● Work item
Excluding pictures, what does the listing below contain from the line with "Using a NexTool" up to and including the line with "May include: A wooden", word for word?

● Exercise inputs

━━━━━━

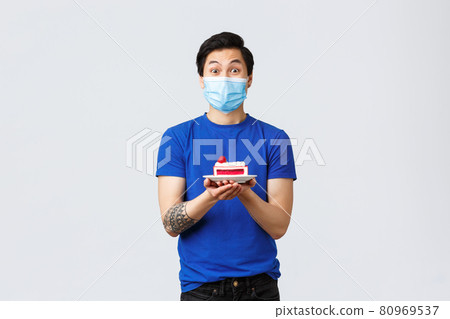 Different emotions, social distancing, self-quarantine on covid-19 and lifestyle concept. Enthusiastic happy guy cant wait eat piece cake, asian male in medical mask holding dessert 80969537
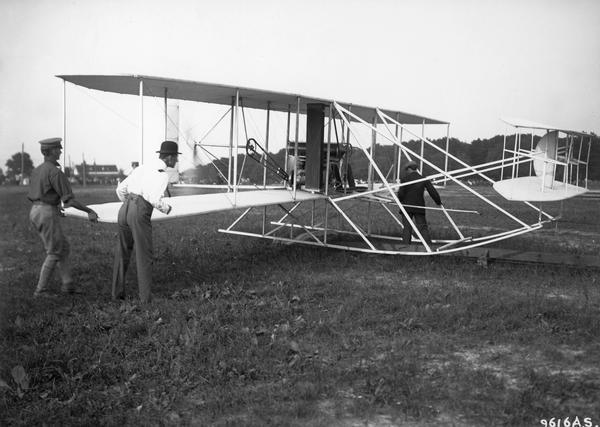 Wilbur Wright, in the bowler hat, preparing the Flyer for the conclusion of the test required to win a U.S. Army contract. The 1908 demonstration had been interrupted by a crash in which Orville was seriously injured and his passenger killed. This photograph shows clearly the track from which the early Flyers were catapulted and Wilbur's intense concentration.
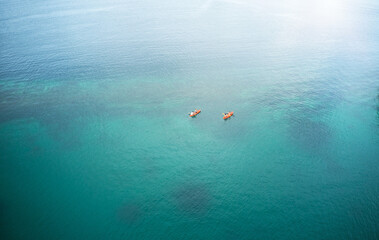 Wall Mural - Exploring the beauty of the ocean one paddle at a time. High angle shot of two adventurous young couples canoeing together in the beautiful oceans of Indonesia.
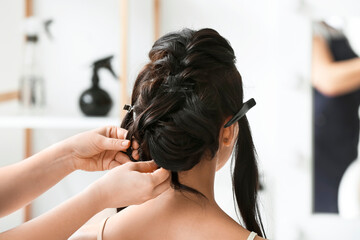 Hairdresser working with client in beauty salon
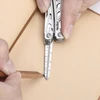 Using a NexTool multi-tool ruler to draw a straight line with a wooden pencil on paper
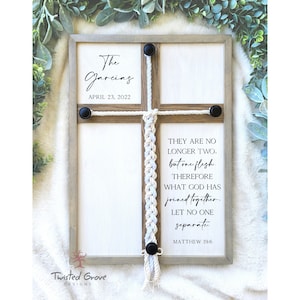 May include: A wooden sign with a white background and a rope cross in the center. The sign says "The Garcias" and "April 23, 2022" at the top. The rope cross is tied with a white and blue cord. The sign also includes the text "They are no longer two, but one flesh. Therefore what God has joined together, let no one separate. Matthew 19:6". The sign is framed with a light brown wood frame.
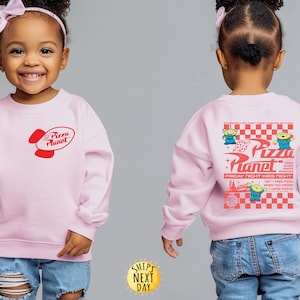 Puede incluir: Sudadera rosa claro con el logo de Pizza Planet en rojo en la parte delantera. La parte trasera de la sudadera tiene un dise&ntilde;o m&aacute;s grande con el logo de Pizza Planet, personajes alien&iacute;genas y texto sobre un fondo a cuadros rojos y blancos.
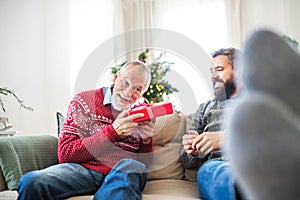 A senior father and adult son with a present sitting on a sofa at Christmas time.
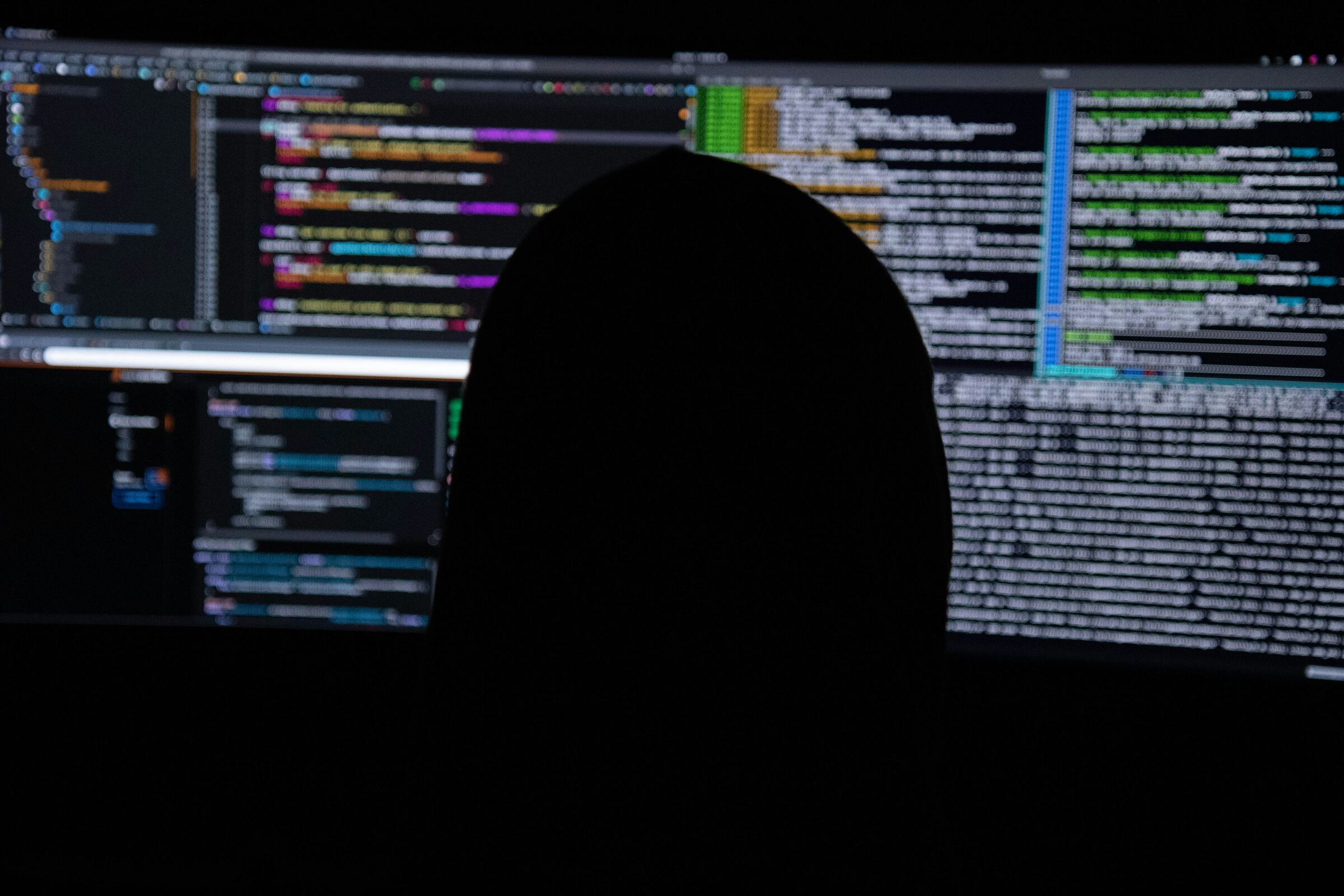 Hooded figure in front of monitors showing code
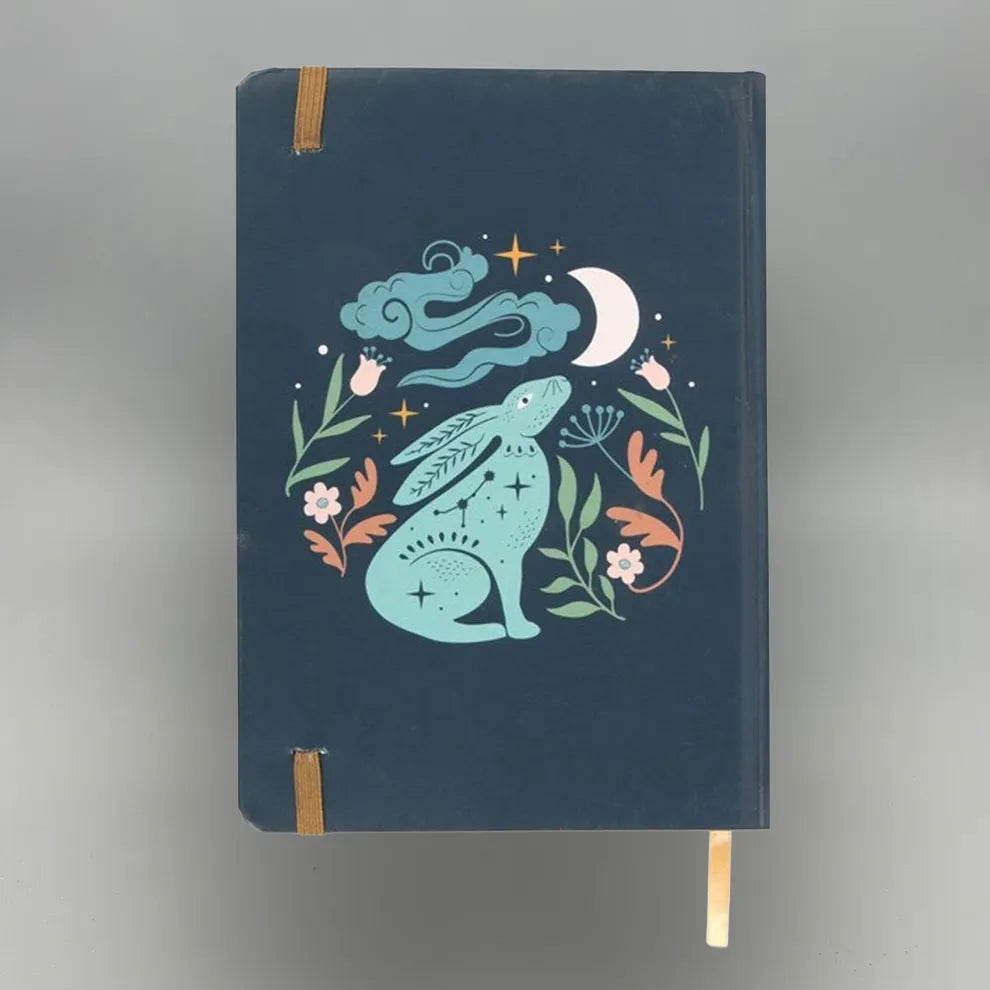 Notebook with a decorative cover featuring a rabbit, moon, and flowers on a dark blue background.
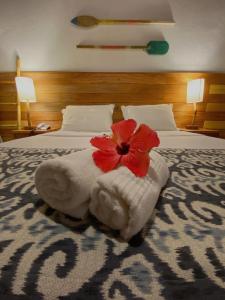 Una cama con una toalla con una flor roja. en Pousada Estrela do Mar Noronha, en Fernando de Noronha
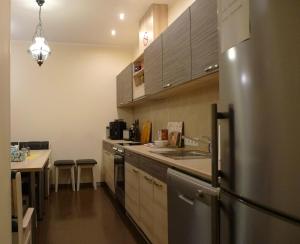 Kuchyň nebo kuchyňský kout v ubytování Feyena Guesthouse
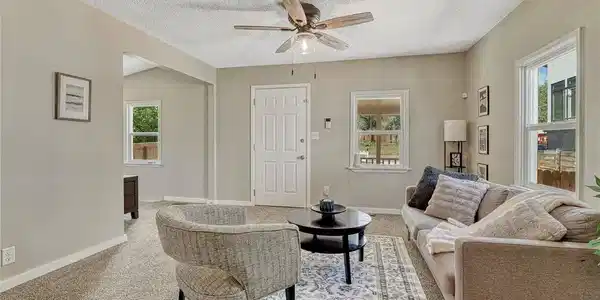 Image 4: Bright and spacious living area featuring neutral wall finishes, ceiling fan with brushed metal accents, carpet flooring throughout, and multiple windows allowing natural light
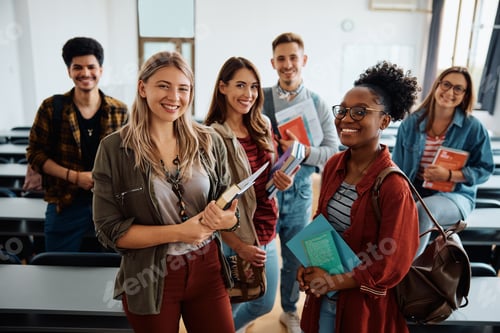 Preview: Multi-ethnic group of university students in lecture hall looking at camera.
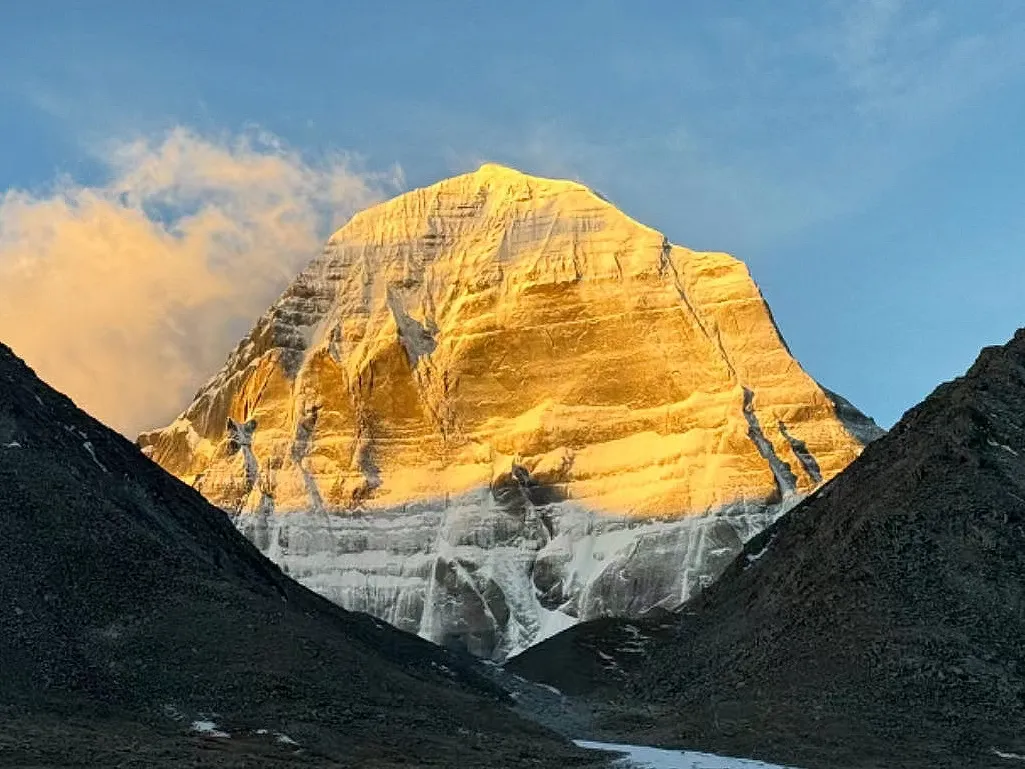 Magnificent sunset illuminating Mount Kailash, highlighting its spiritual aura and serene beauty.
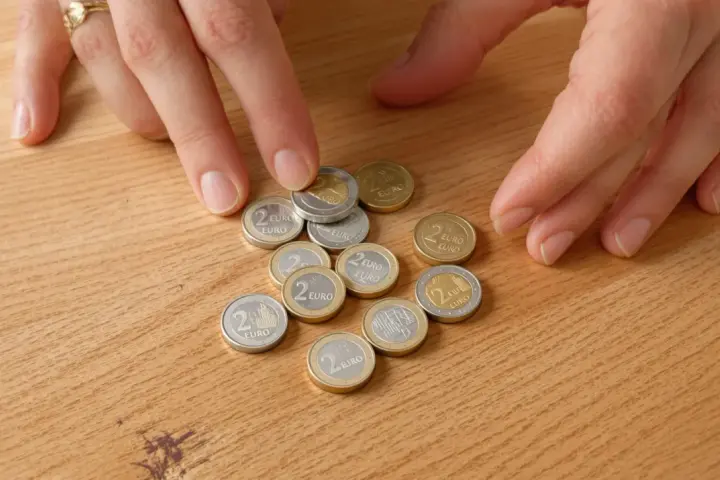 Mains disposant des pièces de 2 euros bremen 2010 sur une table en bois.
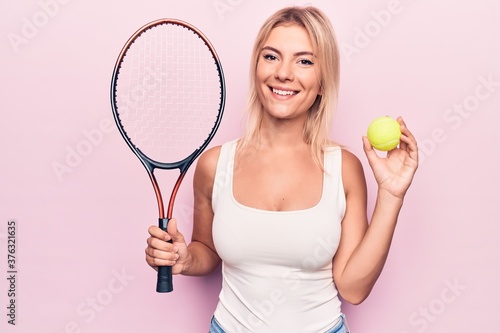 Young beautiful blonde sportswoman playing tennis using racket and ball over pink background looking positive and happy standing and smiling with a confident smile showing teeth © Krakenimages.com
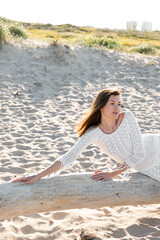 Fototapeta na wymiar Woman in summer white dress posing on wooden log on beach.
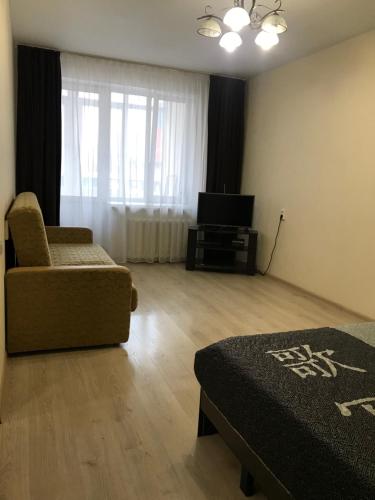 Predel za sedenje v nastanitvi Apartments in Kirov Orlovskaya 4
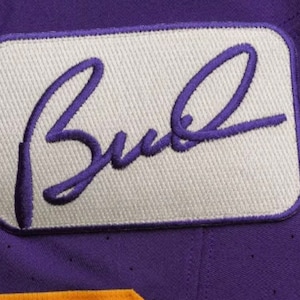 May include: A white patch with a purple embroidered signature that reads "Bud" on a purple background.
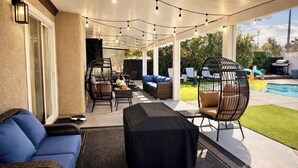 An outdoor patio area with wicker furniture, string lights, and a pool in the background. - ESCAPE THE MADNESS with no better place to relax!  NEW LUXURY SPA AND HUGE POOL! (North Las Vegas)
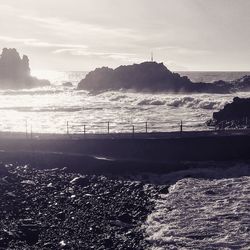 Scenic view of sea against sky during winter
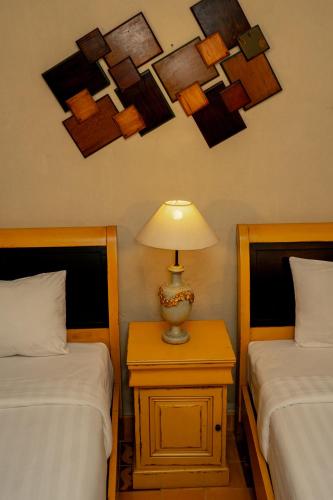 Postel nebo postele na pokoji v ubytování Kayu Arum Resort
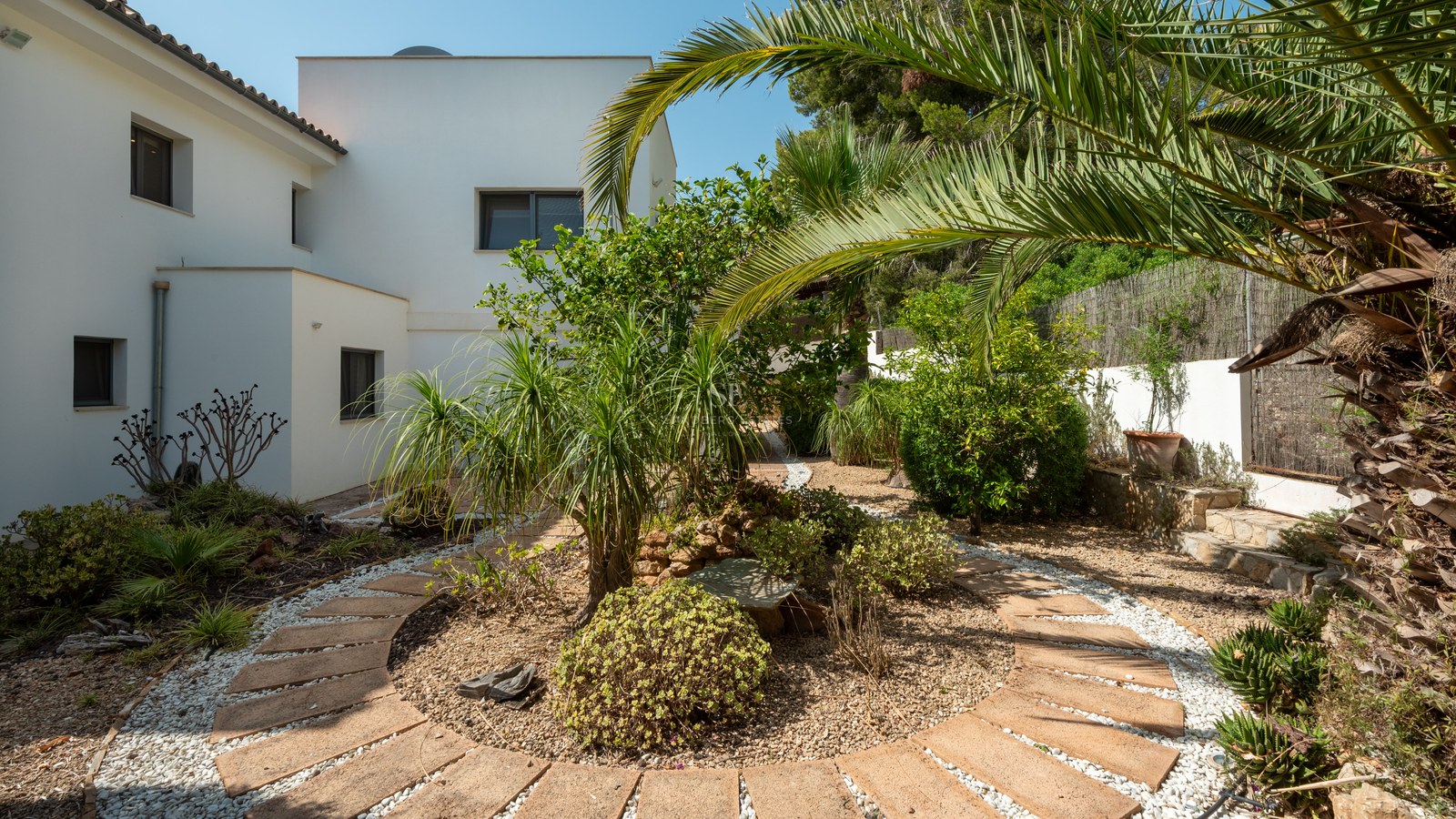 Circular stone pathway in a Mediterranean garden with palm trees and a white modern villa in the background.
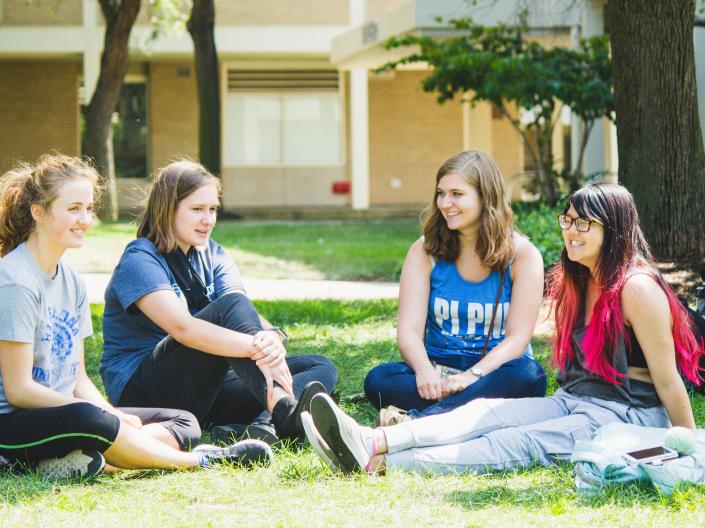 Four students sitting outside smiling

━━━━━━

● Answer for the task
 Using a NexTool multi-tool ruler to draw a straight line with a wooden pencil on paper
 May include: A wooden sign with a white background and a rope cross in the center. The sign says "The Garcias" and "April 23, 2022" at the top. The rope cross is tied with a white and blue cord. The sign also includes the text "They are no longer two, but one flesh. Therefore what God has joined together, let no one separate. Matthew 19:6". The sign is framed with a light brown wood frame.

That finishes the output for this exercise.